**Dataset excerpt:**

──────────────────────────────

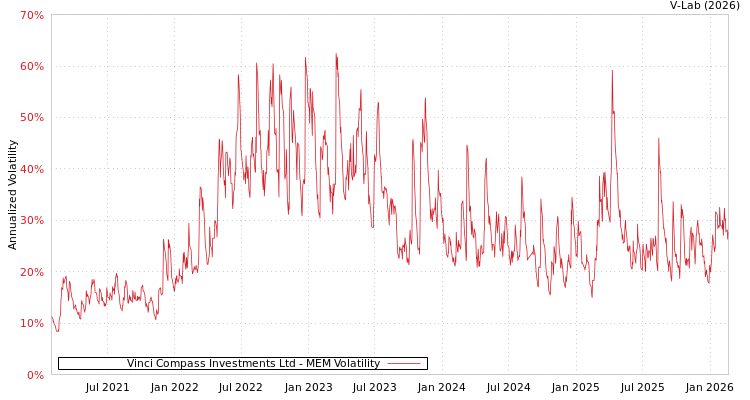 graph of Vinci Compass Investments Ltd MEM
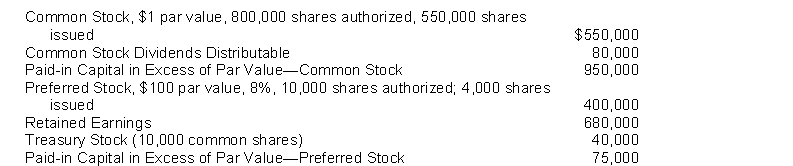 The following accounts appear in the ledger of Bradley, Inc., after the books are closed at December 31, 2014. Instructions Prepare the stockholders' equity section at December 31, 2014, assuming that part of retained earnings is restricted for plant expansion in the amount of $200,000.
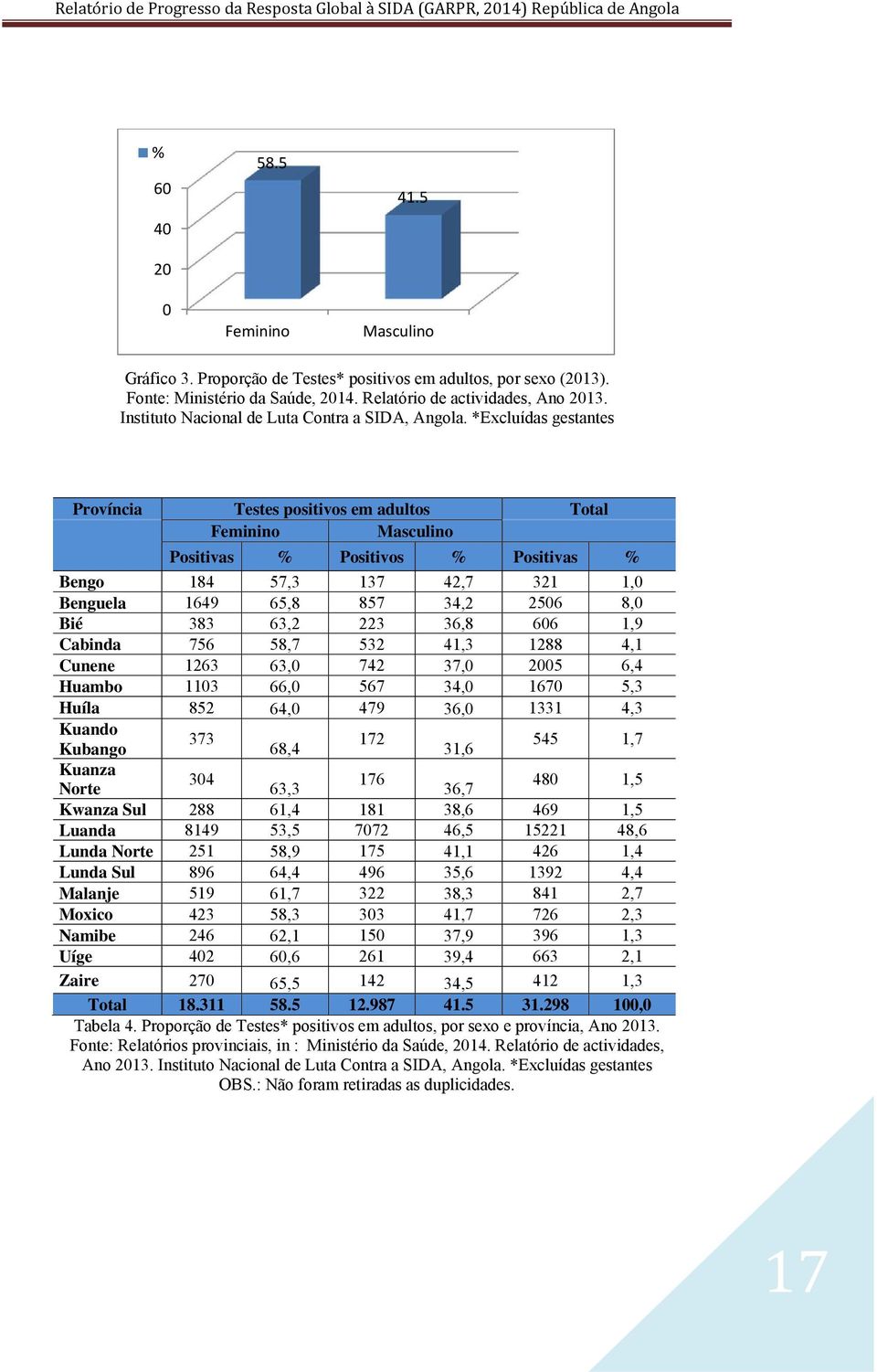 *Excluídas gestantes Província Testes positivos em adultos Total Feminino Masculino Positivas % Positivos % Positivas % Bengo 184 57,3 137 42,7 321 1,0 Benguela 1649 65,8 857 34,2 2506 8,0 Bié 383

──────────────────────────────

**Work order:**
All of the data above needs to be given again exactly. Leave out each image.

**Response to this exercise:**
 graph of Vinci Compass Investments Ltd MEM
 The following accounts appear in the ledger of Bradley, Inc., after the books are closed at December 31, 2014. Instructions Prepare the stockholders' equity section at December 31, 2014, assuming that part of retained earnings is restricted for plant expansion in the amount of $200,000.
 *Excluídas gestantes Província Testes positivos em adultos Total Feminino Masculino Positivas % Positivos % Positivas % Bengo 184 57,3 137 42,7 321 1,0 Benguela 1649 65,8 857 34,2 2506 8,0 Bié 383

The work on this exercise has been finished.